I have never been a fan of electronic music, though I’m beginning to make small inroads into a genre I had never really thought I would be interested in. When I were a lad, bands like Human League, Heaven 17, Pet Shop Boys and Fiction Factory were all treated with equal disdain by me, who was a long-haired rocker and metaller, and as a workmate labelled these bands, as “puff bands”, I had neither the desire nor the interest in exploring their music. I still don’t really, but when I heard about this album I thought I’d give it a go, for novelty value if nothing else.
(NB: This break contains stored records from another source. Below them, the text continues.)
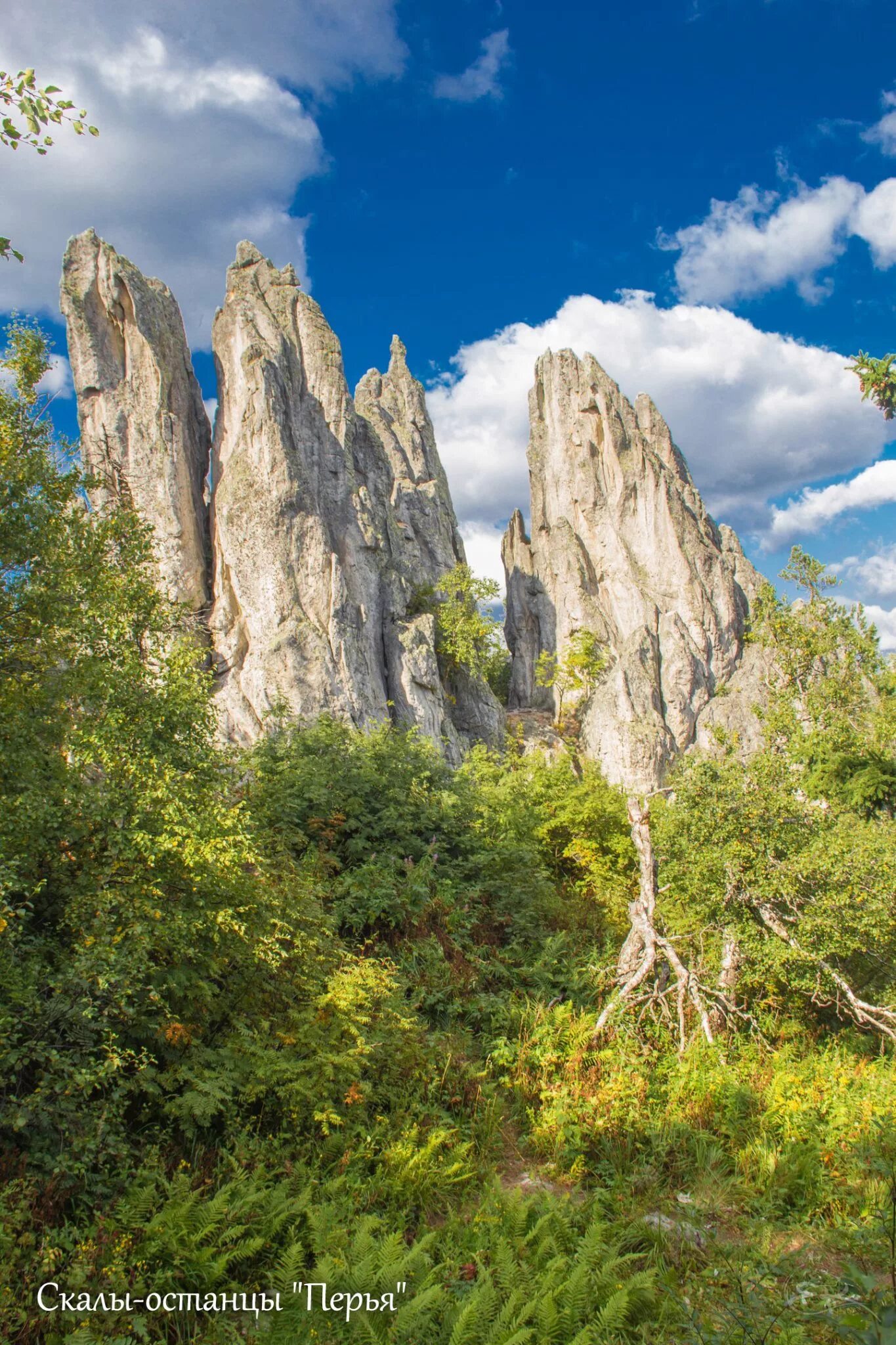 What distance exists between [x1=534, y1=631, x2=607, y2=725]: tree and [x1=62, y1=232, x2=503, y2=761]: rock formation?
942 cm

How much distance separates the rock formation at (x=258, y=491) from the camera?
98.8 ft

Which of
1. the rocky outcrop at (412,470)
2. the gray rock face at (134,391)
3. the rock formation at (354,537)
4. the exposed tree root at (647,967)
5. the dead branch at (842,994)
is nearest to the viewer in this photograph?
the exposed tree root at (647,967)

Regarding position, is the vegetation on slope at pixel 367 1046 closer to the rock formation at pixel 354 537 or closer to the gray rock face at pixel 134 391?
the rock formation at pixel 354 537

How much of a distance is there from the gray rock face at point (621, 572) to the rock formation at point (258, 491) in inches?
447

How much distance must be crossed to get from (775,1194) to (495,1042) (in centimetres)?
313

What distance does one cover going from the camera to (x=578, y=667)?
42312 mm

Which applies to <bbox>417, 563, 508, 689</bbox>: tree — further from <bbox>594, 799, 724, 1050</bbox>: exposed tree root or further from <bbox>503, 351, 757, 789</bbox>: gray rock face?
<bbox>594, 799, 724, 1050</bbox>: exposed tree root

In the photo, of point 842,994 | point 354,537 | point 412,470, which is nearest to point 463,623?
point 354,537

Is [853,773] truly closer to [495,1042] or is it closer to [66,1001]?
[495,1042]

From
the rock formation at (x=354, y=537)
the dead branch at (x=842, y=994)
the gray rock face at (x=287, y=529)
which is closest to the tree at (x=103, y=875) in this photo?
the dead branch at (x=842, y=994)

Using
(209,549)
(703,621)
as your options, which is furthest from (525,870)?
(703,621)

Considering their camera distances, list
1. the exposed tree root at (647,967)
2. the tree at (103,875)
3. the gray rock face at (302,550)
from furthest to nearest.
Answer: the gray rock face at (302,550) → the exposed tree root at (647,967) → the tree at (103,875)

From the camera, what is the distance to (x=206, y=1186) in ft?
17.2

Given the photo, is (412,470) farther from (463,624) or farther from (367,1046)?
(367,1046) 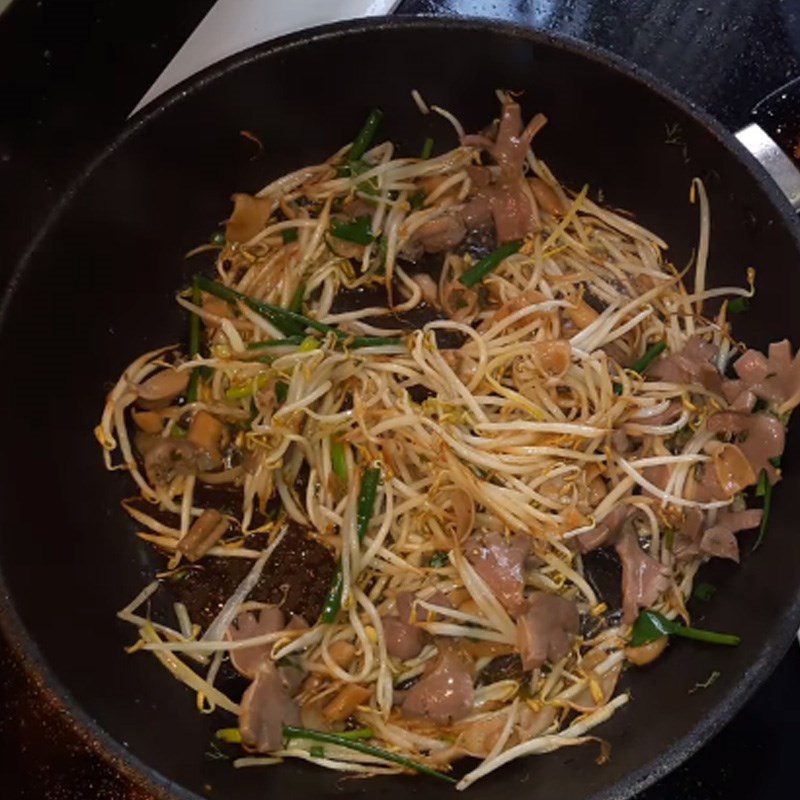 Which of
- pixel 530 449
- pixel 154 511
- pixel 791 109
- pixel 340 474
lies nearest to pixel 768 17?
pixel 791 109

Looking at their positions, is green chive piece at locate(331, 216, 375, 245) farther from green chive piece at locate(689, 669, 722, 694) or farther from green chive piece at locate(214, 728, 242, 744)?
green chive piece at locate(689, 669, 722, 694)

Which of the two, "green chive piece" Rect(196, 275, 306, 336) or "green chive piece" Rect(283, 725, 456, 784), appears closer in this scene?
"green chive piece" Rect(283, 725, 456, 784)

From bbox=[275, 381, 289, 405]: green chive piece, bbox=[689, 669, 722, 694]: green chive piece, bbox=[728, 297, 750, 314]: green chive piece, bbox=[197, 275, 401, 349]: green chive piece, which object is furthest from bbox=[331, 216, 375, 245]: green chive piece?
bbox=[689, 669, 722, 694]: green chive piece

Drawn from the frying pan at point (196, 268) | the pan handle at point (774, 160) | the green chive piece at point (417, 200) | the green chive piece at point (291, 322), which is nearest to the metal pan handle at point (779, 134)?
the pan handle at point (774, 160)

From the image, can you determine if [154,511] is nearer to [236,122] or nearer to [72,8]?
[236,122]

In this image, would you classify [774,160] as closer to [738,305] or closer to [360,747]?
[738,305] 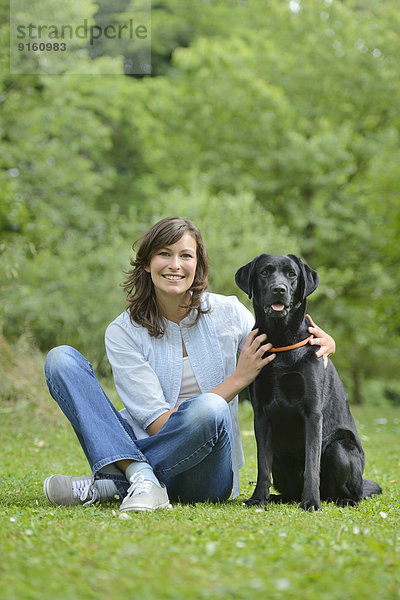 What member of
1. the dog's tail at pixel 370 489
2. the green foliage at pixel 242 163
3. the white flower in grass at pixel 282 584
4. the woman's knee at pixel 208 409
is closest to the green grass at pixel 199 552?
the white flower in grass at pixel 282 584

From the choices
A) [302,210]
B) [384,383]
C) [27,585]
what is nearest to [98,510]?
[27,585]

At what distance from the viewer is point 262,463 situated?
376cm

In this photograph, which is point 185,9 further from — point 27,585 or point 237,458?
point 27,585

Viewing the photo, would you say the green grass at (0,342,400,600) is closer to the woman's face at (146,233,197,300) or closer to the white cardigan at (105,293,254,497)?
the white cardigan at (105,293,254,497)

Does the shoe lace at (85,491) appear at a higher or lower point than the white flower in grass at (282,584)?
lower

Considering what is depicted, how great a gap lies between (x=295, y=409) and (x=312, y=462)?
295 mm

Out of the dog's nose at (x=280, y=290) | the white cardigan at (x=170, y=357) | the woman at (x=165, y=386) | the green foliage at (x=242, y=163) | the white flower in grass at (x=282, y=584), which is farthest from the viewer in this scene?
the green foliage at (x=242, y=163)

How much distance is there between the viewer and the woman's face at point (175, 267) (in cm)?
393

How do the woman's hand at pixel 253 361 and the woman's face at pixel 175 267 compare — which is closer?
the woman's hand at pixel 253 361

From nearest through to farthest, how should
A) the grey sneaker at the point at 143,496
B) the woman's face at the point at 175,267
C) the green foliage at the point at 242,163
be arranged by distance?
1. the grey sneaker at the point at 143,496
2. the woman's face at the point at 175,267
3. the green foliage at the point at 242,163

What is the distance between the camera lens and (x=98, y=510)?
3.57 meters

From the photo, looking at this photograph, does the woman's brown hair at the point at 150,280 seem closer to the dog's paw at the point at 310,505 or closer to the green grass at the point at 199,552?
the green grass at the point at 199,552

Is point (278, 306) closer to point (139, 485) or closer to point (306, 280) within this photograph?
point (306, 280)

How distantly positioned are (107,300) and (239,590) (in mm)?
10797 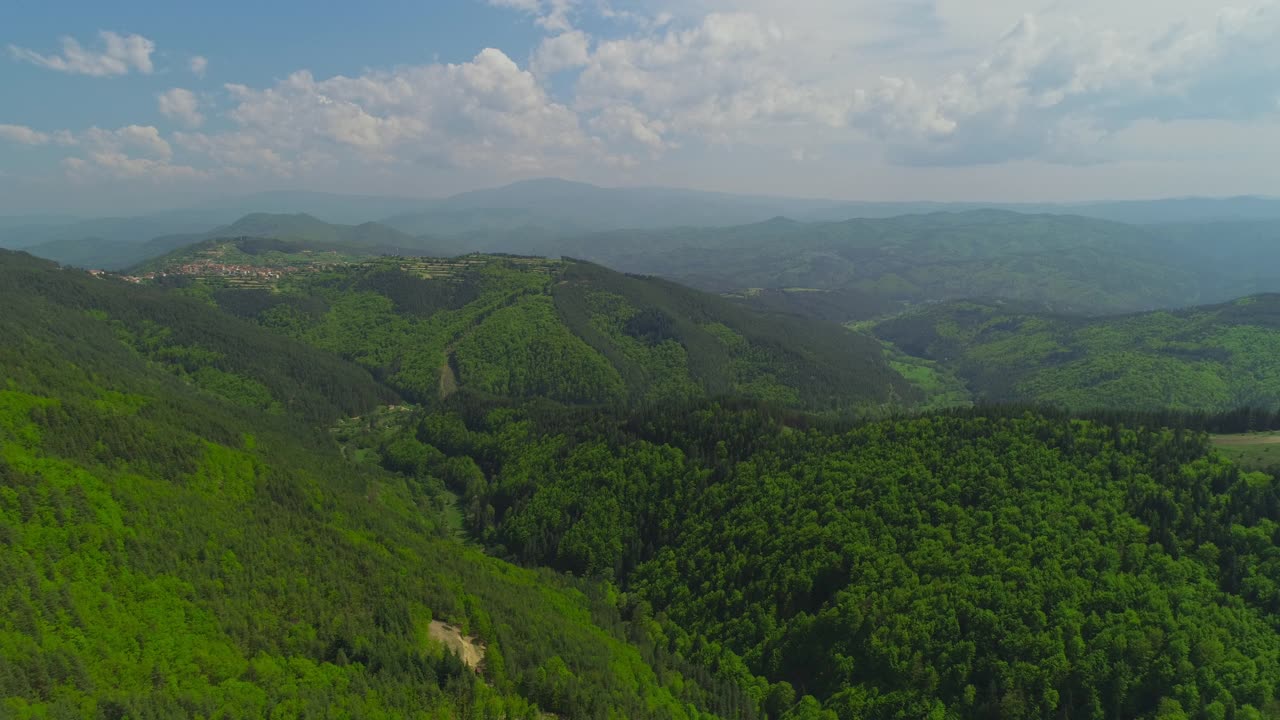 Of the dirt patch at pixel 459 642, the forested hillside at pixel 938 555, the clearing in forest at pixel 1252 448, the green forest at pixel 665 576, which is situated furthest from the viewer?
the clearing in forest at pixel 1252 448

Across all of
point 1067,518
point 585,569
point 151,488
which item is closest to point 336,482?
point 151,488

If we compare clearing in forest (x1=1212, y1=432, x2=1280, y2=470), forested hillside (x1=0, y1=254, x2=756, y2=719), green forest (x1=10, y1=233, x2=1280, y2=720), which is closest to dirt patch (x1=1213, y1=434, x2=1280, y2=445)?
clearing in forest (x1=1212, y1=432, x2=1280, y2=470)

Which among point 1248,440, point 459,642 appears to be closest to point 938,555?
point 459,642

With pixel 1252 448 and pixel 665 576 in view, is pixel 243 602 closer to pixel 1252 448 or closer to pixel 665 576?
pixel 665 576

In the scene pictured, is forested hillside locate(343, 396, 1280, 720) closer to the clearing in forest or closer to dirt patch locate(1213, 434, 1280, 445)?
the clearing in forest

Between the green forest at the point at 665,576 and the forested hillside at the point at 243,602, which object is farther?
the green forest at the point at 665,576

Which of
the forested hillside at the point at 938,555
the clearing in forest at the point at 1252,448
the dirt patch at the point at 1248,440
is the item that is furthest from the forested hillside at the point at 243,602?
the dirt patch at the point at 1248,440

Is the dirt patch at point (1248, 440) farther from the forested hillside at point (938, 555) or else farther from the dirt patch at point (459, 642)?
the dirt patch at point (459, 642) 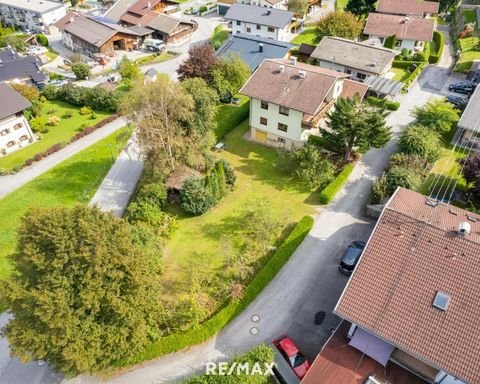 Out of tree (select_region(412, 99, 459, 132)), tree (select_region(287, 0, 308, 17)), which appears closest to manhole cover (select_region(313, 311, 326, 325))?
tree (select_region(412, 99, 459, 132))

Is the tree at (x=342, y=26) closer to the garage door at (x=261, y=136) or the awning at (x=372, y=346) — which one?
the garage door at (x=261, y=136)

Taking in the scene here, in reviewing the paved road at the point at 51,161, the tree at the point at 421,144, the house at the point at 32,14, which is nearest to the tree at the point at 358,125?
the tree at the point at 421,144

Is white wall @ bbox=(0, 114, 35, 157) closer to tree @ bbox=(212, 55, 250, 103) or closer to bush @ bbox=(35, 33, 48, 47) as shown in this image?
tree @ bbox=(212, 55, 250, 103)

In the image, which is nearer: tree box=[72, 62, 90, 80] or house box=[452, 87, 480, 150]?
house box=[452, 87, 480, 150]

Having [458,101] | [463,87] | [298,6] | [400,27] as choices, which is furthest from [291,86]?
[298,6]

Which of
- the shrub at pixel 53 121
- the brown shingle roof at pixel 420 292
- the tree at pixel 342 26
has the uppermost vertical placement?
the tree at pixel 342 26

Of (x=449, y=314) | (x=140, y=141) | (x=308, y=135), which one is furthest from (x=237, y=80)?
(x=449, y=314) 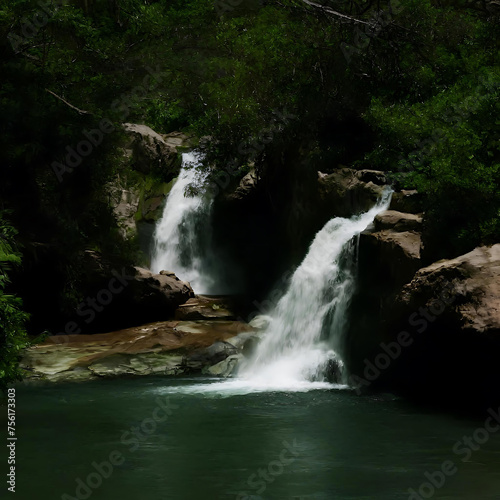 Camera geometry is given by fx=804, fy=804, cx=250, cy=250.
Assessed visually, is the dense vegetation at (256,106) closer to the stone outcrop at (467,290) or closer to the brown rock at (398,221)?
the brown rock at (398,221)

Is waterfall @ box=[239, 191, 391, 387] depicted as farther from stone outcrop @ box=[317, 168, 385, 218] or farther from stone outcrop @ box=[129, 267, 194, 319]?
stone outcrop @ box=[129, 267, 194, 319]

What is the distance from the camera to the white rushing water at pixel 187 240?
2562cm

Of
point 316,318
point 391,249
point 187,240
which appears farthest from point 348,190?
point 187,240

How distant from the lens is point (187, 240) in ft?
84.5

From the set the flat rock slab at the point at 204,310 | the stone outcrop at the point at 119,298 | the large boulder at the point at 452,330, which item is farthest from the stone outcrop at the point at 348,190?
the stone outcrop at the point at 119,298

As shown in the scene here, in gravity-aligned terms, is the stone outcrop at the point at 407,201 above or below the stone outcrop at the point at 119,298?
above

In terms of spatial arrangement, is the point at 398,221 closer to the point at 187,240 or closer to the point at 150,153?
the point at 187,240

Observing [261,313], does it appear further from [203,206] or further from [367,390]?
[367,390]

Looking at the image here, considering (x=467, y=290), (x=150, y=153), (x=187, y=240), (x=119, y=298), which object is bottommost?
(x=119, y=298)

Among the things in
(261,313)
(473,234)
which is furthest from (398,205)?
(261,313)

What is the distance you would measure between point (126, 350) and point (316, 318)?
4352 millimetres

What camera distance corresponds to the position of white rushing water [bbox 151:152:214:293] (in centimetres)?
2562

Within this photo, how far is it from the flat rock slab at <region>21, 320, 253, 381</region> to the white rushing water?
542 cm

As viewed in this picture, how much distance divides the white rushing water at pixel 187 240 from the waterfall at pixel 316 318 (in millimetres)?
7439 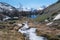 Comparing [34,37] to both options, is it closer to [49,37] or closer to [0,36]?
[49,37]

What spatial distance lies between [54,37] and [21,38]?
5416mm

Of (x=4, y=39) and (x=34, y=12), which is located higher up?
(x=34, y=12)

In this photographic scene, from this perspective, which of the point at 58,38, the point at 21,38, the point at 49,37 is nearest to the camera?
the point at 58,38

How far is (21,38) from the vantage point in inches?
1158

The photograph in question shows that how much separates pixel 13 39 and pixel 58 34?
20.9 feet

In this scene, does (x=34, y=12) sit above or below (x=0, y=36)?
above

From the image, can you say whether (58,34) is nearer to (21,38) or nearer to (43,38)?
(43,38)

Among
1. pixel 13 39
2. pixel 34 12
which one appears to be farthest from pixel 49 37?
pixel 34 12

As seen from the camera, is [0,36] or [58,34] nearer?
[58,34]

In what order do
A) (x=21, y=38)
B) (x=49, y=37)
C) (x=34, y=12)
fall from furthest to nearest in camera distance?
(x=34, y=12)
(x=21, y=38)
(x=49, y=37)

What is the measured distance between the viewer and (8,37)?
29484 millimetres

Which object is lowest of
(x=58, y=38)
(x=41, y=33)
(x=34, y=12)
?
(x=58, y=38)

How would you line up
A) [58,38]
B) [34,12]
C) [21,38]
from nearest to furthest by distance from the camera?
[58,38]
[21,38]
[34,12]

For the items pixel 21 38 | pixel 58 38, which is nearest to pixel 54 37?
pixel 58 38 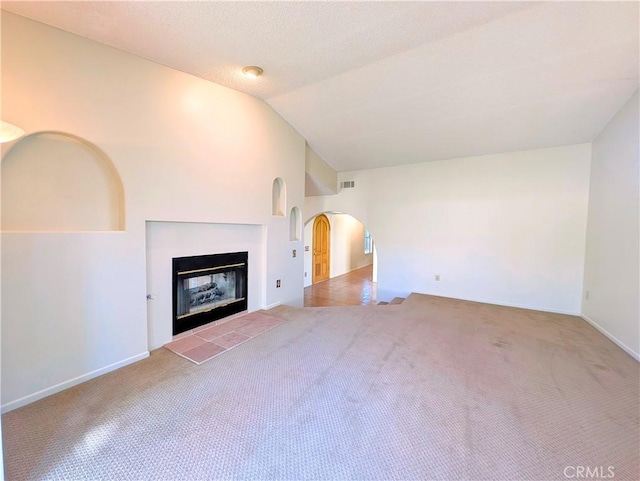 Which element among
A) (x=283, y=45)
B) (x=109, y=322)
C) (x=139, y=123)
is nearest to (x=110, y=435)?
(x=109, y=322)

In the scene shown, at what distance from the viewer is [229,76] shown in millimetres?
2977

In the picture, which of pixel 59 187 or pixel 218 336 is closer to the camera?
pixel 59 187

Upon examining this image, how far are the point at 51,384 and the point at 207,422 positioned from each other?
4.32 feet

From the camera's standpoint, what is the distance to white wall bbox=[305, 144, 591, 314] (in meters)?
4.10

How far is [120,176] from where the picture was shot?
2350mm

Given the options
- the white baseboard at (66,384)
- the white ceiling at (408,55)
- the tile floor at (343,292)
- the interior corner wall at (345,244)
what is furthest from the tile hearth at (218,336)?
the interior corner wall at (345,244)

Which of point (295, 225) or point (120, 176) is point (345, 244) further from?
point (120, 176)

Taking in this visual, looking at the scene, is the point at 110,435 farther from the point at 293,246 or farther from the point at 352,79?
the point at 352,79

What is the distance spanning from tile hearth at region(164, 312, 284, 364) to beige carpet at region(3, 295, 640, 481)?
0.45ft

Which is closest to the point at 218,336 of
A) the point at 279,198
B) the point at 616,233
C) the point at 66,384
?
the point at 66,384

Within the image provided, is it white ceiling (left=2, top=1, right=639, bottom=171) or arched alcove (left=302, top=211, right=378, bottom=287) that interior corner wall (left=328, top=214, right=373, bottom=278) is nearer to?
arched alcove (left=302, top=211, right=378, bottom=287)

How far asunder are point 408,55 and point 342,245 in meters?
6.98

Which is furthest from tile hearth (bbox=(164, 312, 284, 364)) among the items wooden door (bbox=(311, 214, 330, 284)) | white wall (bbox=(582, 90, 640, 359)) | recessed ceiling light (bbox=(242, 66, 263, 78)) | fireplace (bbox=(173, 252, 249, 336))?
wooden door (bbox=(311, 214, 330, 284))

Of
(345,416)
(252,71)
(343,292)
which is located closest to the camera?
Result: (345,416) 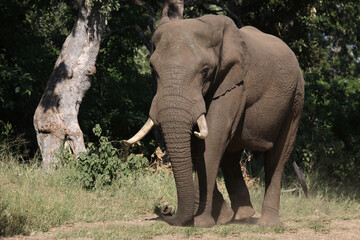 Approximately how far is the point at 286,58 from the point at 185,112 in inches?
93.5

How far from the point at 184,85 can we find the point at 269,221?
2611 mm

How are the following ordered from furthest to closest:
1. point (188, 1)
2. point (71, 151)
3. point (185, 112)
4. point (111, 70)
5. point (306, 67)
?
point (111, 70)
point (306, 67)
point (188, 1)
point (71, 151)
point (185, 112)

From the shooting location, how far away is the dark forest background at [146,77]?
13.7 m

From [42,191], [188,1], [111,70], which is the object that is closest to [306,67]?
[188,1]

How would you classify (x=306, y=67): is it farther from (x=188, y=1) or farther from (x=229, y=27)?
(x=229, y=27)

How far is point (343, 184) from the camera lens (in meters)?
15.3

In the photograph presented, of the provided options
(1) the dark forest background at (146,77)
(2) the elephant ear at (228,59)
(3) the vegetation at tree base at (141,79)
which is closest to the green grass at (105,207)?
(2) the elephant ear at (228,59)

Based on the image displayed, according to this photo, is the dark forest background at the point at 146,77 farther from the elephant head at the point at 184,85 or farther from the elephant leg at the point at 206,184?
the elephant leg at the point at 206,184

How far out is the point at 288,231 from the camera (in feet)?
25.5

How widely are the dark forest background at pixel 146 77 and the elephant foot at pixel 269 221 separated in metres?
6.36

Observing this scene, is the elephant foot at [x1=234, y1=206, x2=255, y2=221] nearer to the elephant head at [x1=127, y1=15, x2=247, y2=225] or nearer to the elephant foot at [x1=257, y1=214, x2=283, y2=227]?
the elephant foot at [x1=257, y1=214, x2=283, y2=227]

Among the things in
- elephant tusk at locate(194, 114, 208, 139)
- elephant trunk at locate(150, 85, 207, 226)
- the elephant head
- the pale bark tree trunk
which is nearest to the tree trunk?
the pale bark tree trunk

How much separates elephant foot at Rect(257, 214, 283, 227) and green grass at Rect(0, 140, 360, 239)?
0.21 metres

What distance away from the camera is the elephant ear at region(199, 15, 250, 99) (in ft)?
23.4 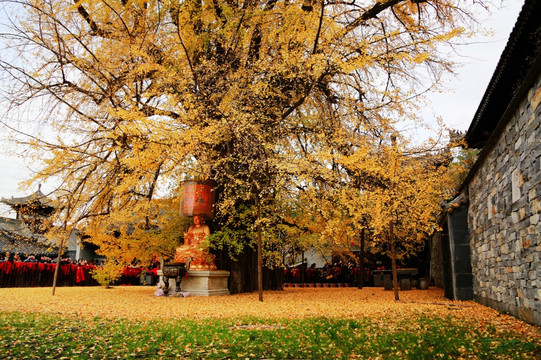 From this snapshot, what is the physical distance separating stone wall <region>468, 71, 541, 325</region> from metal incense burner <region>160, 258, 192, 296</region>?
7350mm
All I know of Visage is encapsulated in one track - well, two, but mostly “Fade to Grey”. Everyone my age knows that, and it for me typified what these sort of new romantic/electronic/”puff bands” were all about: droning, soulless, lifeless drivel that made you want to slash your wrists and just depressed the hell out of you. It seems they have had something of an interesting career though.



*Hearts and Knives --- Visage --- 2013 (Blitz Club)*

Strictly speaking, we’re talking about Visage Mk II here. Seems the original band, of whom the mighty Midge Ure was once a member, split back in 1985, after their third album, released the previous year, bombed in every way. Steve Strange, founder of the band, hung around with various projects but eventually got the band back together, so to speak, in 2004 but no new material surfaced until 2007, and that only one track. So this is only their fourth album, with a gap of just short of thirty years between this and the last one. That has to be the longest any band has left their fans waiting.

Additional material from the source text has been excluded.